2. The thermosetting resin composition according to claim 1,

in the liquid crystal polymers of (1) to (4),

the aromatic hydroxycarboxylic acid comprises a compound selected from the group consisting of p-hydroxybenzoic acid and 6-hydroxy-2-naphthoic acid,

the aromatic diol comprises a compound selected from the group consisting of 2, 6-dihydroxynaphthalene, 1, 4-dihydroxynaphthalene, 4' -dihydroxybiphenyl, hydroquinone, resorcinol, a compound represented by the following general formula (I), and a compound represented by the following general formula (II),

the aromatic dicarboxylic acid comprises a compound selected from terephthalic acid, isophthalic acid, 4' -diphenyldicarboxylic acid, 2, 6-naphthalenedicarboxylic acid, and a compound represented by the following general formula (III),

the aromatic hydroxylamine and the aromatic diamine comprise a compound selected from the group consisting of p-aminophenol, p-phenylenediamine, and acetoxyaminophenol,

[ solution 1]

Wherein X is selected from C₁～C₄Alkylene, alkylidene, -O-, -SO₂A group of-S-, and-CO-,

[ solution 2]

[ solution 3]

Wherein Y is selected from- (CH)₂)_n- (n-1-4) and-O (CH)₂)_nAnd (1-4) O- (n).
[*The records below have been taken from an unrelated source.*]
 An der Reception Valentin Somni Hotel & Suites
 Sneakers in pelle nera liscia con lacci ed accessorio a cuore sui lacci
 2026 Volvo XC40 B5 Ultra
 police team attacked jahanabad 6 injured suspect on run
3. The thermosetting resin composition according to claim 1 or 2,

the volume density of the liquid crystal polymer particles is 0.08-1.2 g/m L.
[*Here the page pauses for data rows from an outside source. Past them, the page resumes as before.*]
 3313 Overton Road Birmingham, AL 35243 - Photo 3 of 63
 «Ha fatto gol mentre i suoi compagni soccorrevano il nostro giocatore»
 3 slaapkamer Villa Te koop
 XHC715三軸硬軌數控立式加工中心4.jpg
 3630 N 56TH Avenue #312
4. The thermosetting resin composition according to claim 1 or 2,

the liquid crystal polymer particles are contained in an amount of 5 to 80 mass% based on the total mass of the thermosetting resin composition, wherein the mass of the thermosetting resin composition from which the solvent is removed is defined as the reference mass when the thermosetting resin composition contains the solvent.
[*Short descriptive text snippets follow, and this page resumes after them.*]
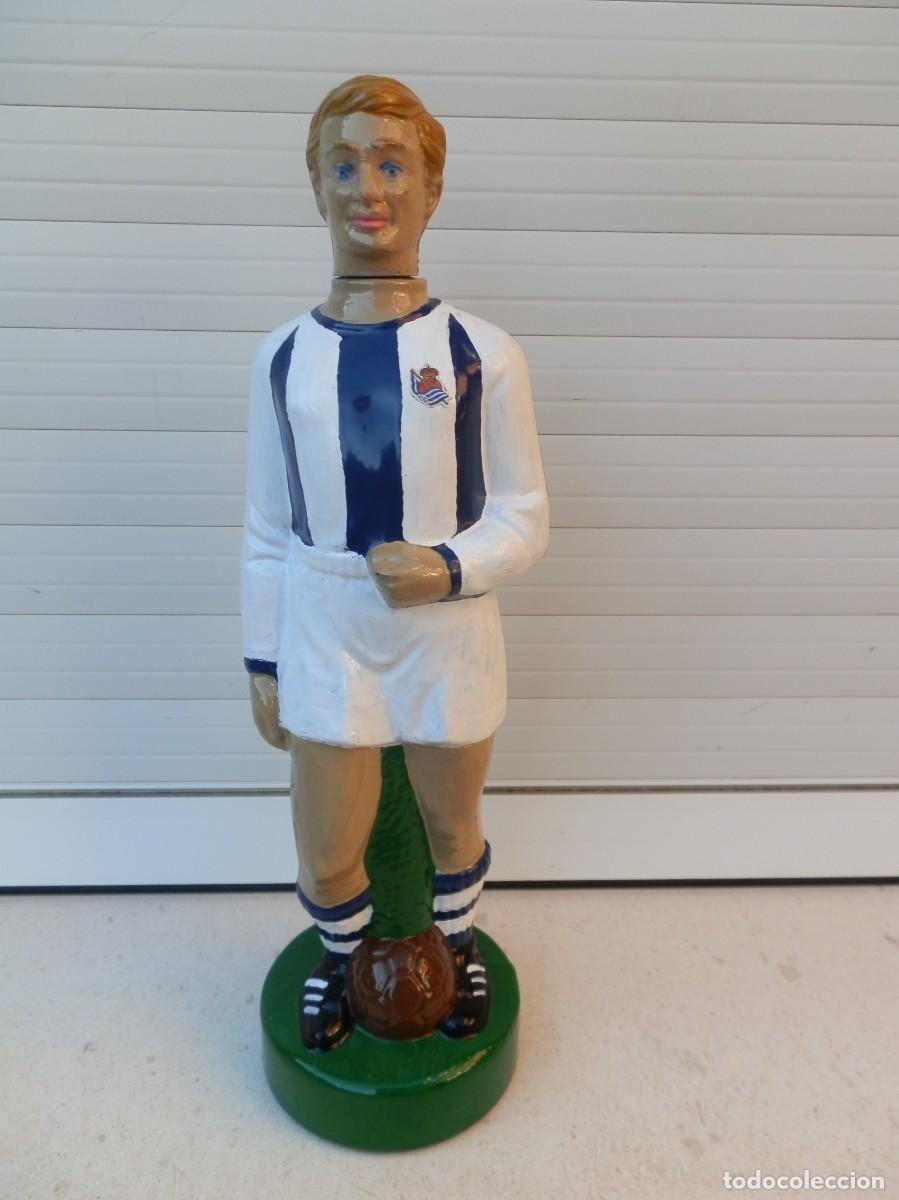 Sammelleidenschaft Sport: BOTELLA DE LICOR VAC&Iacute;A CON FORMA DE FUTBOLISTA DE LA Real Sociedad de F&uacute;tbol. MIDE 32 cm DE ALTA.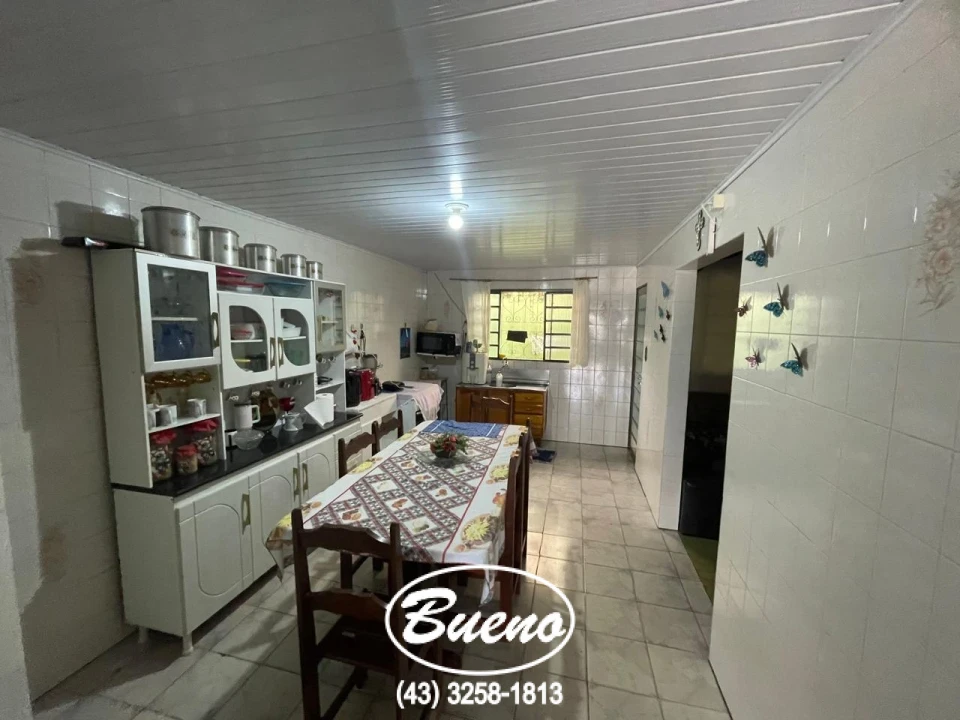 Imagens do imóveis Terreno com 03 Casas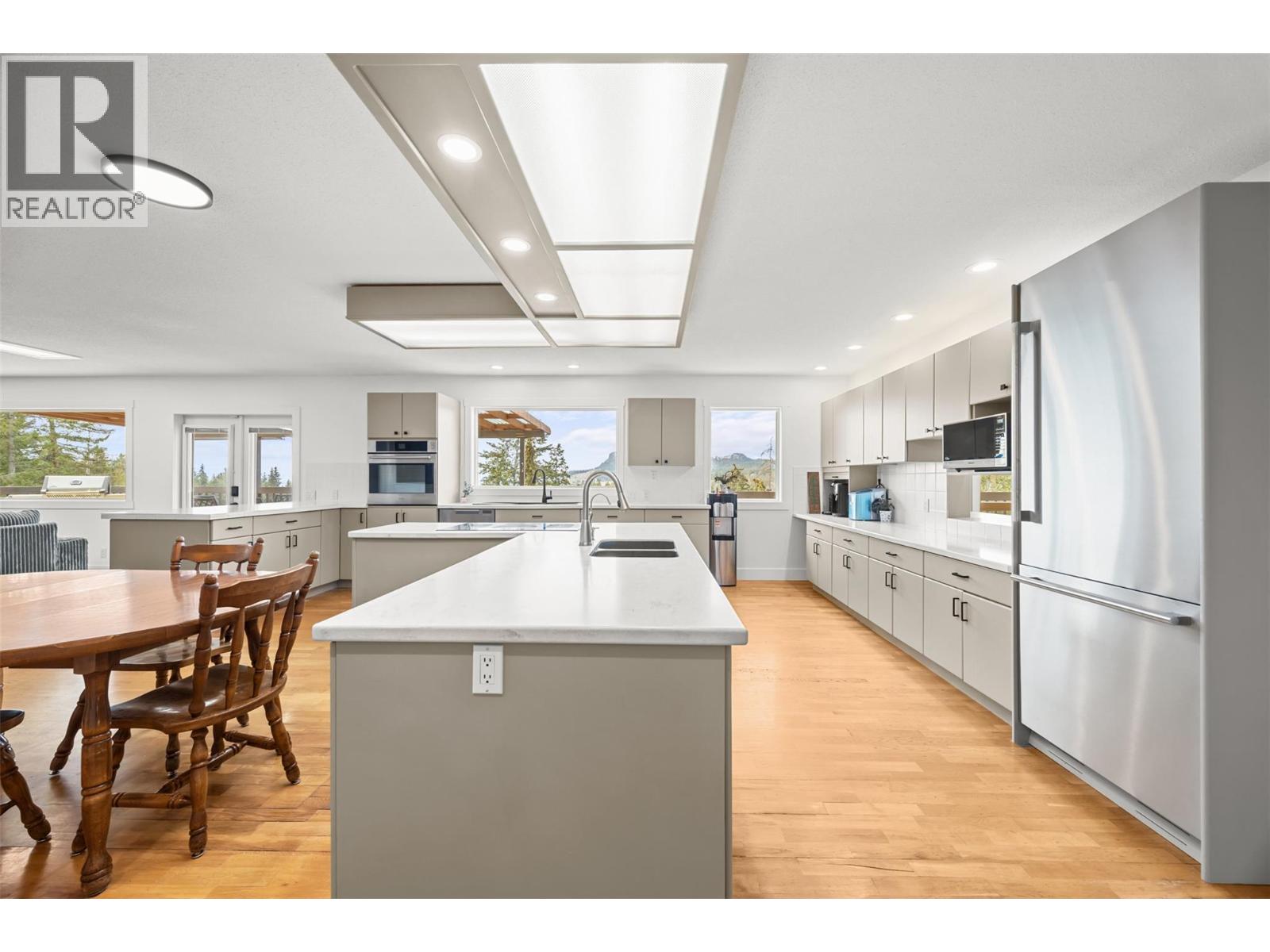 1618 Huckleberry Road, Kelowna, British Columbia  V1P 1M5 - Photo 4 - 10377162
5. The thermosetting resin composition according to claim 1 or 2,

the resin contains more than 1 resin selected from epoxy resin, phenolic resin, polyimide resin and bismaleimide triazine resin.

6. A method for producing a thermosetting resin composition according to any one of claims 1 to 5,

the method comprises the following steps: and a step of mixing at least 1 resin selected from the thermosetting resin and the thermoplastic resin with the liquid crystal polymer particles at a temperature lower than the melting point of the liquid crystal polymer particles.

7. A molded article obtained by using the thermosetting resin composition according to any one of claims 1 to 5.

8. A molded article obtained by curing the thermosetting resin composition according to any one of claims 1 to 5.

9. The molded body according to claim 7 or 8,

the molded article is in the form of a film, a sheet or a plate.

10. A method of manufacturing a molded body, comprising:

a step of preparing a liquid composition containing at least the thermosetting resin composition according to any one of claims 1 to 5; and

and curing the liquid composition.

11. A method of manufacturing a molded body, comprising:

a step of impregnating a substrate with a liquid composition containing at least the thermosetting resin composition according to any one of claims 1 to 5 and an organic solvent; and

and drying the substrate impregnated with the liquid composition.

12. The method for producing a molded body according to claim 11,

further comprising a step of heating the dried base material.

13. The method for producing a molded body according to claim 11 or 12,

the organic solvent contains 1 or more organic solvents selected from the group consisting of acetone, methyl ethyl ketone, methyl isobutyl ketone, ethylene glycol monomethyl ether, propylene glycol monomethyl ether, toluene, xylene, N-dimethylformamide, dioxane, and tetrahydrofuran.

14. An electronic circuit board comprising the thermosetting resin composition according to any one of claims 1 to 5 or a molded article according to any one of claims 7 to 9.

15. The electronic circuit substrate of claim 14,

the electronic circuit substrate is a flexible circuit substrate.